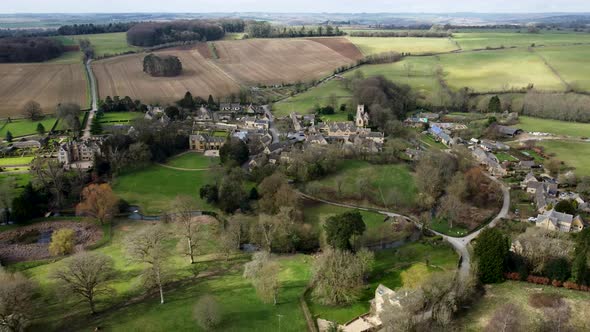 Cotswold Aerial Landscape Upper Slaughter Village UK Spring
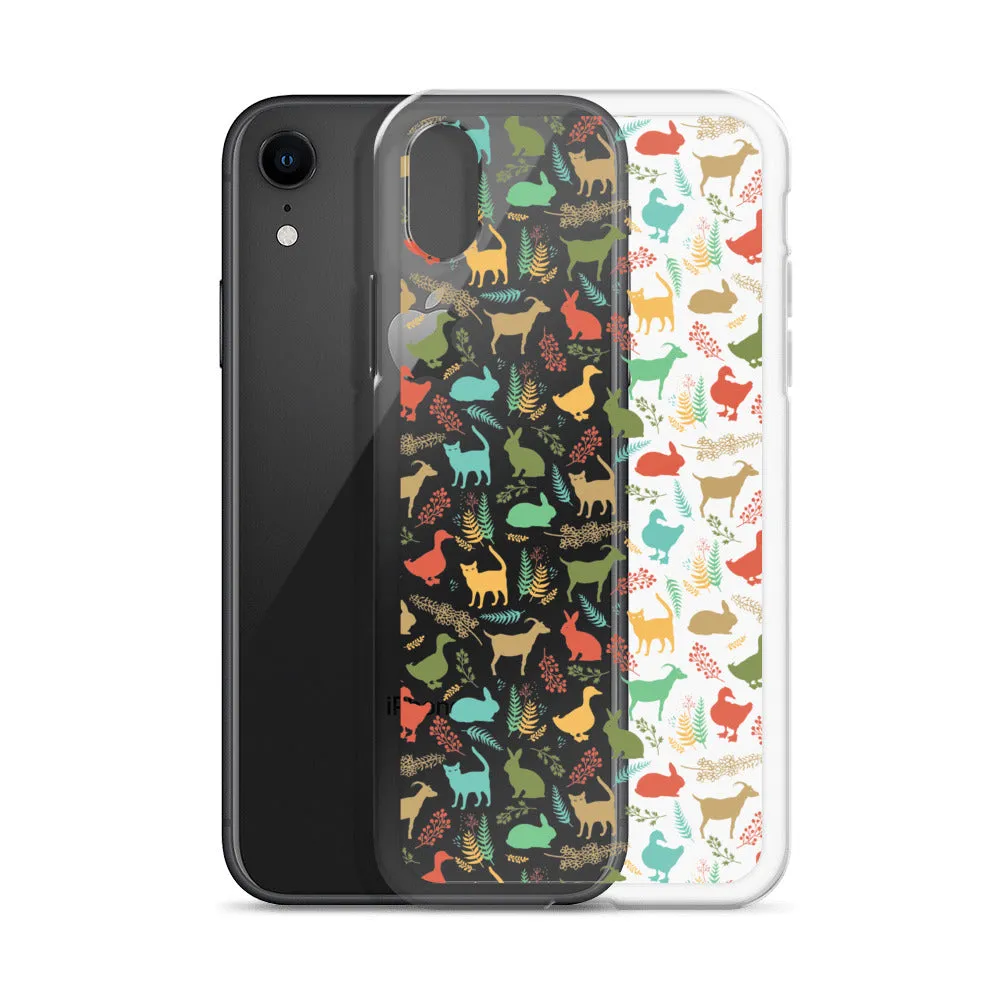 Farm Animals Clear iPhone 15 14 13 12 Pro Max, Cute Goat Rabbit Cat Duck Pattern Print iPhone 11 Mini SE XS Max XR X 7 8 Cell Phone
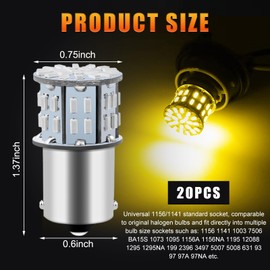 Gasedin 20 PCS 1156 Car LED Bulb, 1141 1003 1156 7506 BA15S High Brightness LED Bulbs Replacement, 12 Volt Bulb for RV Camper Trailer Boat Trunk Interior Lights, Car Accessories (Yellow)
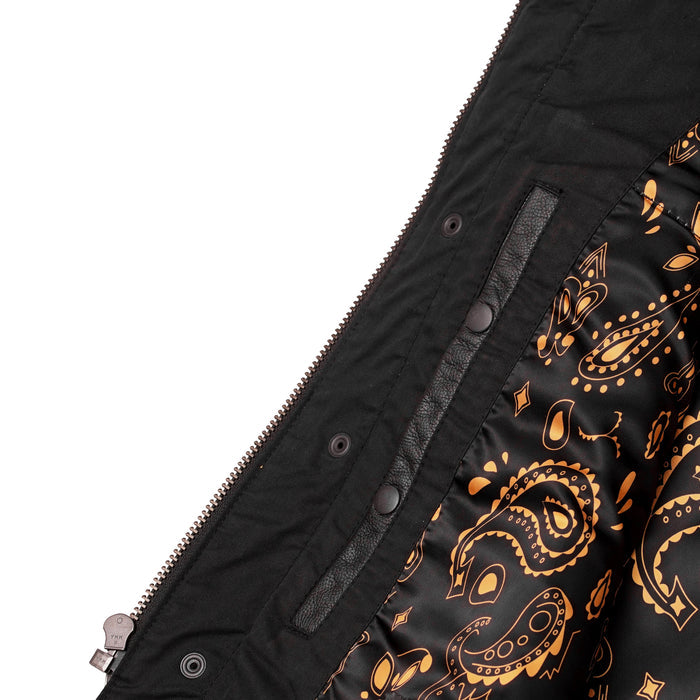 Men's Gold Rush Black Leather Vest - Yellow Stitching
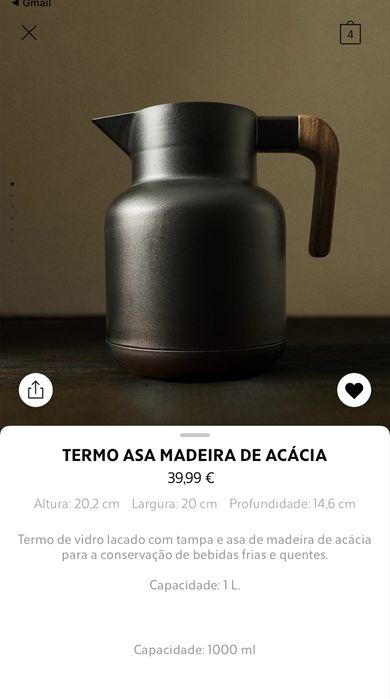 Termo Asa Madeira De Acácia Zara Home NOVO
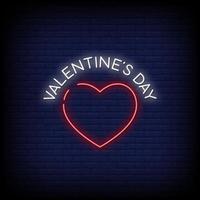 Valentine Day Neon Signs Style Text Vector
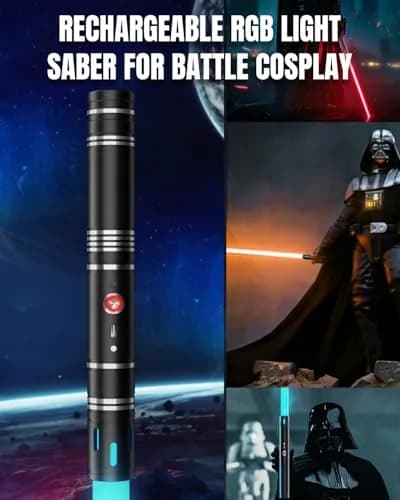 Viglaschill Silver Lightsaber for Dueling | 20 Colors, 6 Modes, Rechargeable, 6-Hour Use thumbnail 6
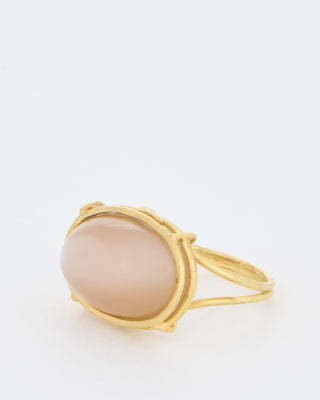 chocolate moonstone cabochon east west ring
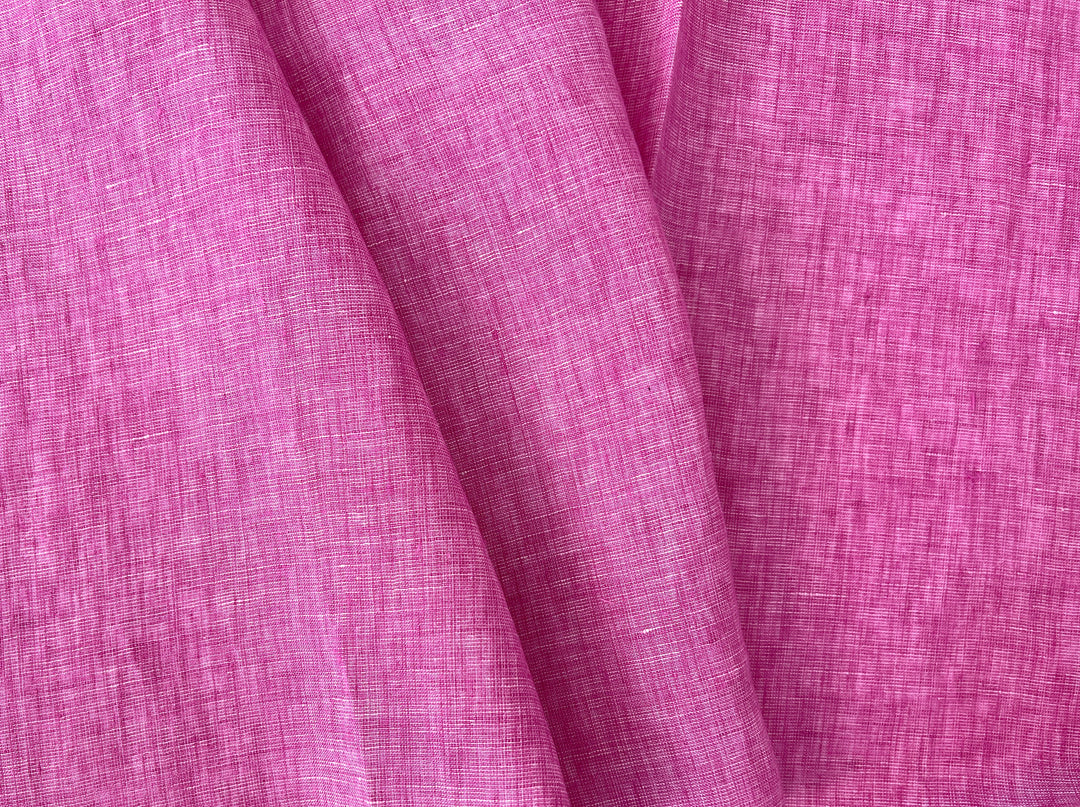 100% Linen Dot Chambray Fabric - Soft Blue & Grey, Fine 21s Yarn Pink 6450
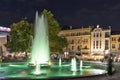 Night Photo of Fountains in front of Town Hall in Plovdiv, Bulgaria Royalty Free Stock Photo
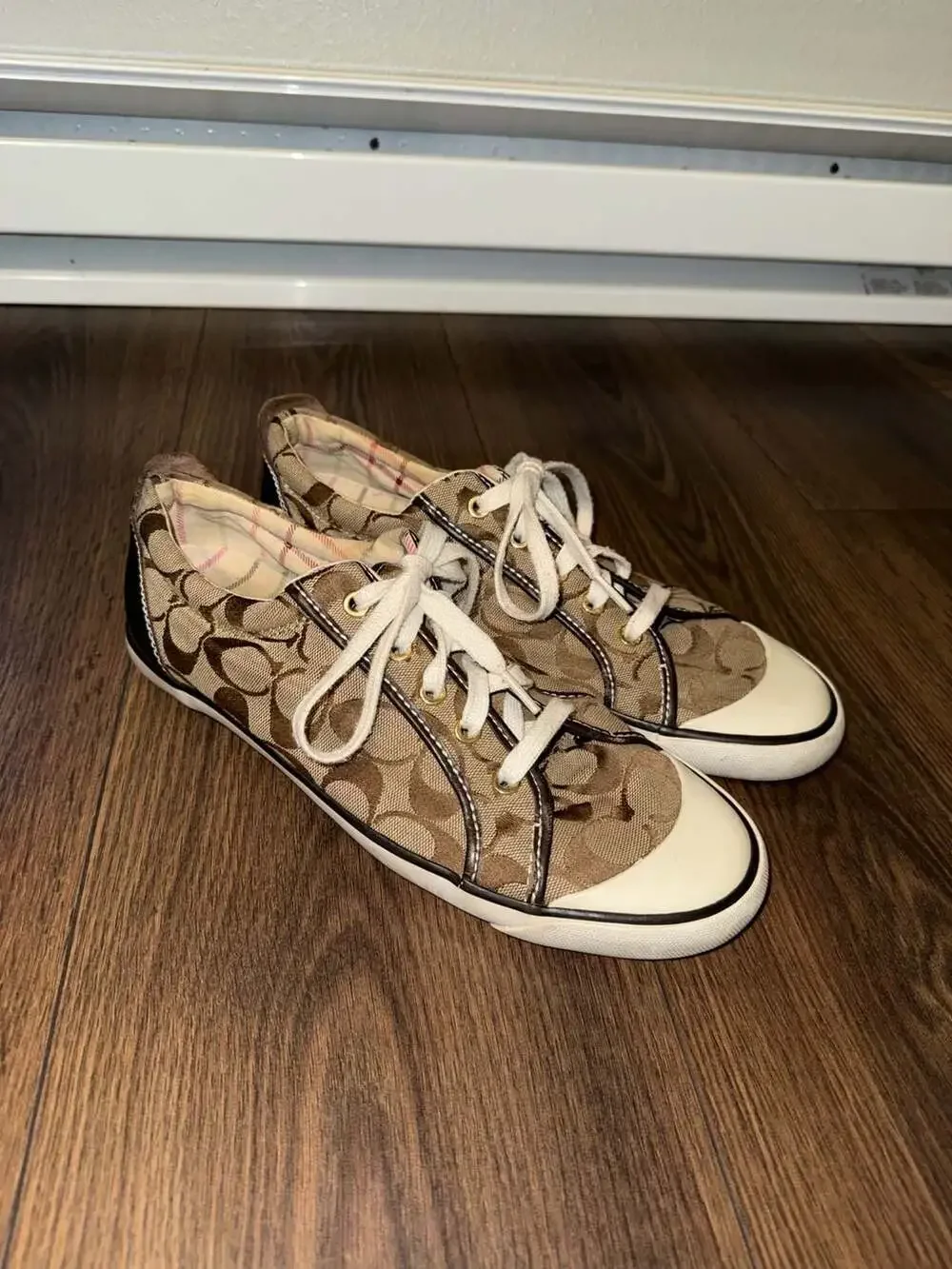 Coach Brown Signature Monogram Canvas Low Top Sneakers Size Women’s 11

********

TASK DESCRIPTION ::
Exact wording is required throughout: write out all the records, but no pictures.

FINISHED EXERCISE ::
 Cotswold Aerial Landscape Upper Slaughter Village UK Spring
 Farm Animals Clear iPhone 15 14 13 12 Pro Max, Cute Goat Rabbit Cat Duck Pattern Print iPhone 11 Mini SE XS Max XR X 7 8 Cell Phone
 Gasedin 20 PCS 1156 Car LED Bulb, 1141 1003 1156 7506 BA15S High Brightness LED Bulbs Replacement, 12 Volt Bulb for RV Camper Trailer Boat Trunk Interior Lights, Car Accessories (Yellow)
 Men's Gold Rush Black Leather Vest - Yellow Stitching
 Termo Asa Madeira De Acácia Zara Home NOVO
 Valentine Day Neon Signs Style Text Vector
 Viglaschill Silver Lightsaber for Dueling | 20 Colors, 6 Modes, Rechargeable, 6-Hour Use thumbnail 6
 chocolate moonstone cabochon east west ring
 100% Linen Dot Chambray Fabric - Soft Blue & Grey, Fine 21s Yarn Pink 6450
 Night Photo of Fountains in front of Town Hall in Plovdiv, Bulgaria Royalty Free Stock Photo
 Coach Brown Signature Monogram Canvas Low Top Sneakers Size Women’s 11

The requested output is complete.